The access layer of your deployment relates to your StoreFront infrastructure, and NetScaler Gateway for Internal and Remote access respectively. These components facilitate access to Citrix resources in your environment.

When we look at a Cloud deployment – in this instance Citrix Cloud, there are many ways of hosting the access layer components, but these can largely be simplified down to Citrix Managed (Cloud Storefront/WorkSpace Service and NetScaler Gateway Service) or Customer Managed (BYO Storefront and NetScaler).

In order to make an informed choice of how to deploy your access layer, you need to understand the benefits and drawbacks of the different scenarios and how they can impact on your overall solution.

Citrix Cloud StoreFront/Workspace Service

One of the main strengths of Citrix Cloud is in its simplicity and Storefront is a strong example of this. As soon as your service is enabled, StoreFront in the cloud just works. You have a few configuration options – such as basic branding, enabling NetScaler Gateway Service, but it’s effectively already configured for internal users and only needs an option toggling on to enable.

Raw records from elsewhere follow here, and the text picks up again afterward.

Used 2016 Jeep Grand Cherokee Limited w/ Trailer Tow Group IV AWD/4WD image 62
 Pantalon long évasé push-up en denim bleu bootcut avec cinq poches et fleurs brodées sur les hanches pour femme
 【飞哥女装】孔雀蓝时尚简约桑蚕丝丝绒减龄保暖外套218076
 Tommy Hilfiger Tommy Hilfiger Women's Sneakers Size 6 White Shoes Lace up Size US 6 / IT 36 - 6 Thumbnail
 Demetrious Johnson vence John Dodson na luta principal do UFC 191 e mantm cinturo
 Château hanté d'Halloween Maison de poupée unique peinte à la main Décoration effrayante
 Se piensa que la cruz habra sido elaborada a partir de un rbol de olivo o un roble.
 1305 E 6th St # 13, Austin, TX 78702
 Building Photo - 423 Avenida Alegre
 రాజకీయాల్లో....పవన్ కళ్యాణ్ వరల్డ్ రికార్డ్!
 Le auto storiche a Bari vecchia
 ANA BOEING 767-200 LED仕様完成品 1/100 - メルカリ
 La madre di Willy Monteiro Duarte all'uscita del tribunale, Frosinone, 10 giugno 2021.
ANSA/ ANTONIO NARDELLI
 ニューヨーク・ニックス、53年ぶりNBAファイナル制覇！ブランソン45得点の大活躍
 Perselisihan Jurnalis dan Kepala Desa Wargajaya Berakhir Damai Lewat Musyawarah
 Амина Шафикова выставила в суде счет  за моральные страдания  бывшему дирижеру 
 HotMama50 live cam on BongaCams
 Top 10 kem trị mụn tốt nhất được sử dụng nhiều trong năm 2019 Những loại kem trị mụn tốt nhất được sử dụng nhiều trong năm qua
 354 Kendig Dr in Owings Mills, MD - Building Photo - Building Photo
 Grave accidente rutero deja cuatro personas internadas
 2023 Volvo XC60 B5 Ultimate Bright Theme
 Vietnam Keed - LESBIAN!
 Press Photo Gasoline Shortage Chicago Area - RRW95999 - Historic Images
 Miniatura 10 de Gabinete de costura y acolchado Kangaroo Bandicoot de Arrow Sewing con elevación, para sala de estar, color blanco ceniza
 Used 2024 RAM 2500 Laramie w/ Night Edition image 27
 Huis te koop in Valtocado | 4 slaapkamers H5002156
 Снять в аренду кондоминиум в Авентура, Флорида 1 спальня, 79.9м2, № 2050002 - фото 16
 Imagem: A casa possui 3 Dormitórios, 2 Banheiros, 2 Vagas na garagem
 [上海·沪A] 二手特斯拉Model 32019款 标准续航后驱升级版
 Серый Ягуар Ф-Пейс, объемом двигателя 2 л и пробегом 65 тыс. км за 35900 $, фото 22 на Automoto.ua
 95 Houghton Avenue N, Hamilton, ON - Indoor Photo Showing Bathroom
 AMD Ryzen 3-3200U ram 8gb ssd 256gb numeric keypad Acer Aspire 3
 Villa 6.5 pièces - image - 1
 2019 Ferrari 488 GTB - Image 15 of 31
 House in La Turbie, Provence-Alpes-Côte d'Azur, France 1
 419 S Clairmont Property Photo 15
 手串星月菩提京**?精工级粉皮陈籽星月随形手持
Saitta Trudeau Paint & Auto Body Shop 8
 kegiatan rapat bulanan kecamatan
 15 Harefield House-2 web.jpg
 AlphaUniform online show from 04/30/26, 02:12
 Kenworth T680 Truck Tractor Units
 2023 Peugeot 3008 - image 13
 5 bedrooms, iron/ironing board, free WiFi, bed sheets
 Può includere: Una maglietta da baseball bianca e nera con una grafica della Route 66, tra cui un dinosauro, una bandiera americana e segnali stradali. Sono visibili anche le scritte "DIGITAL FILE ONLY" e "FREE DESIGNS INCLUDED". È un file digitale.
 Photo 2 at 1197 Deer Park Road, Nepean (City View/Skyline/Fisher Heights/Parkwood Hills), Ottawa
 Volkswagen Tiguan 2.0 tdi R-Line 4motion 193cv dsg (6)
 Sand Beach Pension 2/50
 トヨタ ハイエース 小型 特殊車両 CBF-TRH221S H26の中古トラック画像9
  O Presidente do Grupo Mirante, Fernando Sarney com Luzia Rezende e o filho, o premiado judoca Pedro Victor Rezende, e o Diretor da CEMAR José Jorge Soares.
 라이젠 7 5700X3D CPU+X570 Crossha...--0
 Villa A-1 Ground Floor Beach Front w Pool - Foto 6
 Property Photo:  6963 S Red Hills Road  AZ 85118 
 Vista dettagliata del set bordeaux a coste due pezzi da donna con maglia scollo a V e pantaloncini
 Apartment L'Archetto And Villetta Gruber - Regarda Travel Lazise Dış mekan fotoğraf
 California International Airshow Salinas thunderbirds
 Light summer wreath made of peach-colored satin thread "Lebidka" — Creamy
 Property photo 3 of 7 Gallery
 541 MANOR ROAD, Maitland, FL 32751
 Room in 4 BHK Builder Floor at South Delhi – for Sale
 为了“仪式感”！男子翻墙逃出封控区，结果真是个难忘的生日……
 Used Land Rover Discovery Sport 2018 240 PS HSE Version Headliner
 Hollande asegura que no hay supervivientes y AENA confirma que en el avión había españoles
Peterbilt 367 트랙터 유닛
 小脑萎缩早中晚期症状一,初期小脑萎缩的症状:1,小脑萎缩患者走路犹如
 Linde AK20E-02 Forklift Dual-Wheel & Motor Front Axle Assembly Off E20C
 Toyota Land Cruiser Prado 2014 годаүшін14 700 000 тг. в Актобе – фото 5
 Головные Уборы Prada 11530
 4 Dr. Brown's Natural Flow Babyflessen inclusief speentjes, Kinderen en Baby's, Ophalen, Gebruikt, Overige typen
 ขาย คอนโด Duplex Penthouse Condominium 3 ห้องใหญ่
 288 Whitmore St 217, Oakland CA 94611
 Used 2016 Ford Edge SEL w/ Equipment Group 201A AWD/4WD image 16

Simple is good, but it can also have some drawbacks, as with Cloud hosted storefront.

Branding is still a bone of contention – more than a few customers would expect to be able to customise the look and feel of StoreFront beyond what is currently available. There are controls available to modify basic colours and add logos, however if your requirements exceed this then unfortunately you’re stuck. There’s currently no capability to modify the CSS beyond what’s exposed in the control panel, and there’s certainly no ability to add custom JavaScript (which is entirely understandable!).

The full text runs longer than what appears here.